While the film failed the music certainly didn’t. “March of the Mongols” (clip included) is a pentatonic style played by the strings alerting the listener to the orient yet Dusan with his use of the brass also incorporates a strong military presence resulting in a blending of the Far East with American West. This sound is what makes this recording so unique and one that should be in your collection. This main title is a prevalent theme that is used on several tracks in this short 32+ minute score. Other tracks include “Escape from Slavery,” “Bath a la Chinese,” “The Emperor of China,” and a final restatement in the “Finale-March of the United Mongols.” “Always Your Hand (Love Theme),” has a long introduction from the flutes and woodwinds which leads us into the highly melodic lush theme. It is a tune that will stick in your head and you’ll remember it well. The love theme is also repeated in “The Long Road to the Great Wall,” “Death of Genghis Khan,” and a short version of the “Love Theme,” an audio clip I’ve included complete. “Return to Peking” could have very easily been in a cowboy/Indian western with the cavalry leading the charge. American sounding yet completely appropriate for this film. “Bath a la Chinese” is very pentatonic in nature.

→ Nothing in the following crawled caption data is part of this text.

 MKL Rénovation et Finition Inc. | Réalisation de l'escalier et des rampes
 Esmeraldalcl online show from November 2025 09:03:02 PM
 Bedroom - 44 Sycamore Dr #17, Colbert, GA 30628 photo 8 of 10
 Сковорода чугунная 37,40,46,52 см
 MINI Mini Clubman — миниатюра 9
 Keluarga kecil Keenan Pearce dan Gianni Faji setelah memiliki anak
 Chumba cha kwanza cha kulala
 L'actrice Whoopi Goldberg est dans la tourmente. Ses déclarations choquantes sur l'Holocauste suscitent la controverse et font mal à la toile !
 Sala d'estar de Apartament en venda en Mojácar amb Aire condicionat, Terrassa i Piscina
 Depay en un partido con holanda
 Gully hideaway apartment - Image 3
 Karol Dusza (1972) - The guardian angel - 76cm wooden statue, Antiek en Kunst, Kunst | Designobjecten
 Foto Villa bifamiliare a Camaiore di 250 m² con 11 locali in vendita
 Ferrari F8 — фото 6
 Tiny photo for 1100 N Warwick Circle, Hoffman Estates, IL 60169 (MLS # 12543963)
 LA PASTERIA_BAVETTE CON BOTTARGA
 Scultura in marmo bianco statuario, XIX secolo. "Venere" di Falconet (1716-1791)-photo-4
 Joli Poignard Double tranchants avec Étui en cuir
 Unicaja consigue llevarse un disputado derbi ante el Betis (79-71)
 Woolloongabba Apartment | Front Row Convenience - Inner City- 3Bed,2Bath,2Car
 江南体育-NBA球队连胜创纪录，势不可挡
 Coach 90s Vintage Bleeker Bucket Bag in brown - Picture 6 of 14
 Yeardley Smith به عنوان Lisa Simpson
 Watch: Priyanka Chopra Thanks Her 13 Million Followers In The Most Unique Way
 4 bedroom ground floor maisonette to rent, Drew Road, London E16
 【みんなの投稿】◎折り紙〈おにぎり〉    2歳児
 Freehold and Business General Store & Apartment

This is a mono/single track recording so don’t expect high definition quality with extended range. I have found in my listening experience that listening to this kind of score through a mono system produces superior sound. This was exactly the case with this soundtrack. Remember a single channel speaker only requires a 30-14,000 range. A subwoofer wasn’t used in the 60’s. Listening to equipment that was made at the same time of the recording enhances the listening experience. Always remember that most of the Kritzerland recordings are limited to a pressing order of 1000 copies, this being no exception. Many times they sell out so if you have any interest do not delay. Recommended.
Unknown orchestra conducted by Muir Mathieson
1. March of the Mongols (Main Title Theme) (02:14)*
2. Always Your Hand (Love Theme) (02:30)
3. Escape from Slavery (01:50)
4. The Long Road to the Great Wall (02:57)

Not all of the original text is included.